#### [WORK REQUIRED]
Gather each line in the entries that includes the string "Floral".

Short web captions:

· · ·

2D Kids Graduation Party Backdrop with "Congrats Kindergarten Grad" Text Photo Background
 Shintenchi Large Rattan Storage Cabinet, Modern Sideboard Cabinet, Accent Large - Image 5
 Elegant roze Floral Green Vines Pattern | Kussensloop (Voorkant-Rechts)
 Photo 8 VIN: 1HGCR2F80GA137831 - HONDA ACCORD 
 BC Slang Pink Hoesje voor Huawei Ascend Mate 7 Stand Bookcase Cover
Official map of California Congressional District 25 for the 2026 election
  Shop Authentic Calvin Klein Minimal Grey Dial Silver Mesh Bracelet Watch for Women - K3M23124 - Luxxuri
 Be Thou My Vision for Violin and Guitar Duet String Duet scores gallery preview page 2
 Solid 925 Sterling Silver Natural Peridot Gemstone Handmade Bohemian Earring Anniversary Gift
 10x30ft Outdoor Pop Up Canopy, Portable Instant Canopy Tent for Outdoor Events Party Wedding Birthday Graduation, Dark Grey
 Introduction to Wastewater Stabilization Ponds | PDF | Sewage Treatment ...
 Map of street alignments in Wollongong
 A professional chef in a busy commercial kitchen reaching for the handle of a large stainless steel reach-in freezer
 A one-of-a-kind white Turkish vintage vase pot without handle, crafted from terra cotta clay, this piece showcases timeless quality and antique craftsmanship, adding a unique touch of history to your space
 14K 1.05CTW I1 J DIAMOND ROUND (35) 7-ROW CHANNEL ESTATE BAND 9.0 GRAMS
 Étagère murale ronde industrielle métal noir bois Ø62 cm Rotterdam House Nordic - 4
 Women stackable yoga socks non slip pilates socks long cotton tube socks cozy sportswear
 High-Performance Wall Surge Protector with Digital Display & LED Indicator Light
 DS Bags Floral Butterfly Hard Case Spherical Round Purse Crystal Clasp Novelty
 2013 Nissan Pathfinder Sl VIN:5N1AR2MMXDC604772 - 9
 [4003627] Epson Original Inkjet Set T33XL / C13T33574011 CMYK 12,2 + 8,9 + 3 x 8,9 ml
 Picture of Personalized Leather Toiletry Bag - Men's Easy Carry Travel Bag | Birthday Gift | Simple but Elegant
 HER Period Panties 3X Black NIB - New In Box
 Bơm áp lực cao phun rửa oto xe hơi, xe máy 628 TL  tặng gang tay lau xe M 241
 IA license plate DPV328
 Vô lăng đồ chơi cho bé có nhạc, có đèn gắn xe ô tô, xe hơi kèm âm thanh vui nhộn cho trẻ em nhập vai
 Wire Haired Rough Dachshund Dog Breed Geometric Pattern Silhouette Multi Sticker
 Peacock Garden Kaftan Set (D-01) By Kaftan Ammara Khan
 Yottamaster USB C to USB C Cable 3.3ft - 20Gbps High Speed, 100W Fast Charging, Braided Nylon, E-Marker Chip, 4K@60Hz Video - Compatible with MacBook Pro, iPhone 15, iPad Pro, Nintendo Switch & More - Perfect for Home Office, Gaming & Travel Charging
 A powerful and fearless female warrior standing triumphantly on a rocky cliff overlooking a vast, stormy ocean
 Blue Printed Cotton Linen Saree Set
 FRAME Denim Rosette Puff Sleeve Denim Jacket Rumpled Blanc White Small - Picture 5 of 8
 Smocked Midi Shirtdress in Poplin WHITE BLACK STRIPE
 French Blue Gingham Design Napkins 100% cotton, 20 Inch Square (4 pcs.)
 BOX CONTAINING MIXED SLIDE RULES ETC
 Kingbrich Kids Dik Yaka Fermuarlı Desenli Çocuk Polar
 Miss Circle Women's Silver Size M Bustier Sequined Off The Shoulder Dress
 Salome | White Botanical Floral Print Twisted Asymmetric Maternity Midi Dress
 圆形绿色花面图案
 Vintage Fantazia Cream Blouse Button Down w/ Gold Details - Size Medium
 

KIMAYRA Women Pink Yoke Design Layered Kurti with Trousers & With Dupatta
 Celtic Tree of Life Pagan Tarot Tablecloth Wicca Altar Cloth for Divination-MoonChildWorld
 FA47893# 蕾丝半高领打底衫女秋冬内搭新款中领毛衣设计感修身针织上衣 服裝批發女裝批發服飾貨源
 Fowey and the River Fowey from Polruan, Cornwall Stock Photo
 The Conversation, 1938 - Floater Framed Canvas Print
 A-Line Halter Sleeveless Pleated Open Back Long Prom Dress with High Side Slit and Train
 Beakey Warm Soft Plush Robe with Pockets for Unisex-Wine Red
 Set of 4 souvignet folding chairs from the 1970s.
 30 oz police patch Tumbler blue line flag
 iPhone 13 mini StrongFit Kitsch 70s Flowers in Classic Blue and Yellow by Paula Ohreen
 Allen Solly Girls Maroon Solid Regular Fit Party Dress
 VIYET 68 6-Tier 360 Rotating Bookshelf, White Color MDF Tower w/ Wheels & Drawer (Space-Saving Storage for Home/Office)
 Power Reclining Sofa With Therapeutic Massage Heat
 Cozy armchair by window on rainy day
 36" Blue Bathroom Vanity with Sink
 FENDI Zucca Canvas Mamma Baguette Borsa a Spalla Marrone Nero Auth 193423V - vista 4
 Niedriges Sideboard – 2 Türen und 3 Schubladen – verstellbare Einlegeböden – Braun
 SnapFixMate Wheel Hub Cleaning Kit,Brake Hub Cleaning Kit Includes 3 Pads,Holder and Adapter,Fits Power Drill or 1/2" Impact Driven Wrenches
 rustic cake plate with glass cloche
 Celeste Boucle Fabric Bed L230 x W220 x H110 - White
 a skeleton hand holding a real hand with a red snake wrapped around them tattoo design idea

· · ·

#### [ANSWER FOR THIS EXERCISE]
 Elegant roze Floral Green Vines Pattern | Kussensloop (Voorkant-Rechts)
 DS Bags Floral Butterfly Hard Case Spherical Round Purse Crystal Clasp Novelty
 Salome | White Botanical Floral Print Twisted Asymmetric Maternity Midi Dress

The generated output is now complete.